AMUG 2023

Metal AM: an Overview from Plasma Atomized Powders to Quality L-PBF Parts

Metal Additive Manufacturing (AM) has attracted great interest in fabricating parts for medical and aerospace applications due to its capacity to produce complex and lightweight geometries. The primary feedstock materials for AM are metal powders and their quality has a great impact on the final performance of a printed part.

The first part of this paper describes a radio frequency (RF) plasma technology used to manufacture highly spherical powders with controlled interstitial elements. Primary characteristics of powders including particle size distribution, oxygen content, and morphology are discussed. The impact of the primary powder characteristics on the secondary characteristics including flowability and density are then explained.

The second part of the paper discusses recoater technology used in Laser Powder Bed Fusion to spread fine and medium size powders.
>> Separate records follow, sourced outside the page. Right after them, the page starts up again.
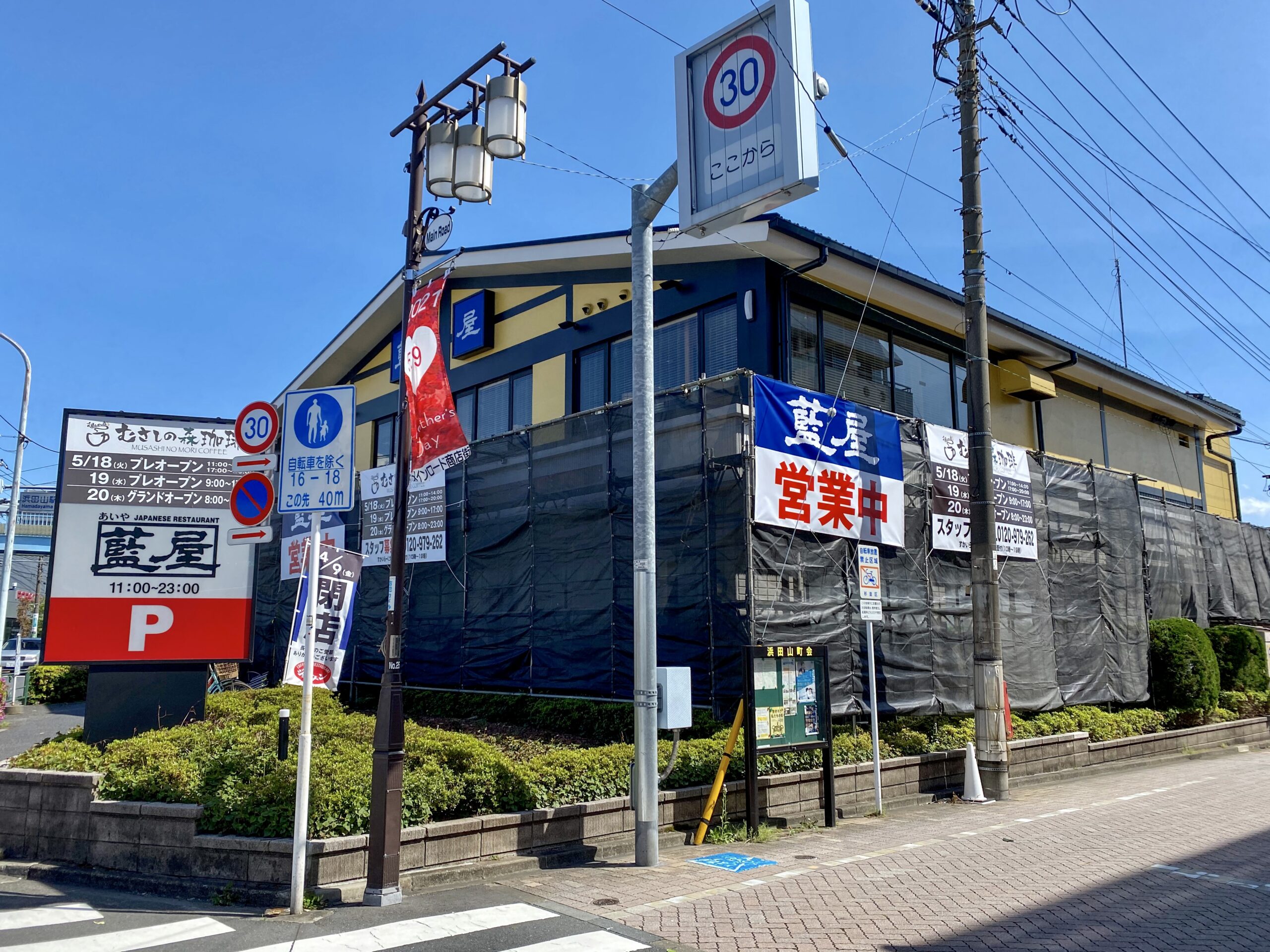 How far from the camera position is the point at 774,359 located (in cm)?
1395

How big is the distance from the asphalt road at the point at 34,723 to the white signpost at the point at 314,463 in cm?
812

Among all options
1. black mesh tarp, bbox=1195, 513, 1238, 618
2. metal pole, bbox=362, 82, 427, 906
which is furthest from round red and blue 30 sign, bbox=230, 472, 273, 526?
black mesh tarp, bbox=1195, 513, 1238, 618

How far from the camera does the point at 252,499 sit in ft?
27.1

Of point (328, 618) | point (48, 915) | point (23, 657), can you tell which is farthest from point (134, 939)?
point (23, 657)

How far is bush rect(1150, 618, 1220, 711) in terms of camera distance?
17781mm

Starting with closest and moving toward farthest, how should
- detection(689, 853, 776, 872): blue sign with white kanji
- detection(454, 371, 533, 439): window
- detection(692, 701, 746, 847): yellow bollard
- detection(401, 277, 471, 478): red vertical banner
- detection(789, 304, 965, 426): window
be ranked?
detection(689, 853, 776, 872): blue sign with white kanji
detection(401, 277, 471, 478): red vertical banner
detection(692, 701, 746, 847): yellow bollard
detection(789, 304, 965, 426): window
detection(454, 371, 533, 439): window

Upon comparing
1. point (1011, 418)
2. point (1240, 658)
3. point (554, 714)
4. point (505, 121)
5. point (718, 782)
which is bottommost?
point (718, 782)

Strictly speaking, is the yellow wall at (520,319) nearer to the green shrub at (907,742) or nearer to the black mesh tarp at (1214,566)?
the green shrub at (907,742)

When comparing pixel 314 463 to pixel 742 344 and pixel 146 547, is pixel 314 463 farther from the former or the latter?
pixel 742 344

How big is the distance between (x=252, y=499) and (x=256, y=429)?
0.61 m

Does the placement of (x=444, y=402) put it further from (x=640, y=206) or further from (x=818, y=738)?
(x=818, y=738)

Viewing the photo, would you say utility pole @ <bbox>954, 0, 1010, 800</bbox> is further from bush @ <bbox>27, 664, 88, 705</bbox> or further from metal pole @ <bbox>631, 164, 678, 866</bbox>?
bush @ <bbox>27, 664, 88, 705</bbox>

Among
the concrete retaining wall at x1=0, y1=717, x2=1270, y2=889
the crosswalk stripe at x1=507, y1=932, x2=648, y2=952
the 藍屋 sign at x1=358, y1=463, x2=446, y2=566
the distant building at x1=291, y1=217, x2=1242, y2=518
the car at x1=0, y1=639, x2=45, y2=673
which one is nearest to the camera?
the crosswalk stripe at x1=507, y1=932, x2=648, y2=952

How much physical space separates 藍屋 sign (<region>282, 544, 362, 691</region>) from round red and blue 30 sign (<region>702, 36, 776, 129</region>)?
5.32 m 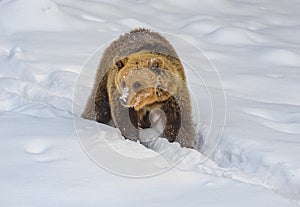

In addition, a powder handling system Autonomous Powder Module (APM) that can implement different powder reuse schemas as per ASTM standards will be discussed. Finally, some of the physical and mechanical properties of the parts produced by laser powder bed fusion in conjunction with roller spreading technology will be explained.

Rethinking the Production Line with 3D-Printed Extrusion Dies

Molds, Dies, and tooling are good fits for metal additive manufacturing due to their smaller production volumes and lack of a rigorous qualification system. For many of their projects, the tooling sector does not have to answer to a strict regulatory body like the medical and aerospace industries do. The tooling sector also lacks the investment focused on Design for Additive Manufacturing that is seen elsewhere. One partner saw an opportunity use Powder Bed Fusion for an extrusion die to make one of their products. Yearly production volumes of roughly 100 dies coupled with a clear integration plan made additive a promising choice. While the original goal was strictly increased wear performance, they were able to improve throughput because of their redesign efforts.

The key to success in this project was the willingness to challenge every aspect of the existing mold design and tweak the settings of the production line. Past dies were machined out of Aluminum, but are now printed in Inconel 718. Inconel has better wear properties, but is difficult to machine and has poorer thermal conductivity. With manufacturing via Powder Bed Fusion, machining is no longer necessary. The decrease in conductivity is tackled by improved conformal cooling channels in a new design that results in a lower working temperature. These changes lead to a 25% increase in productivity by ramping up the extrusion speed of the final product made with the new molds. Even at faster speeds, the molds last six times as long before wearing out.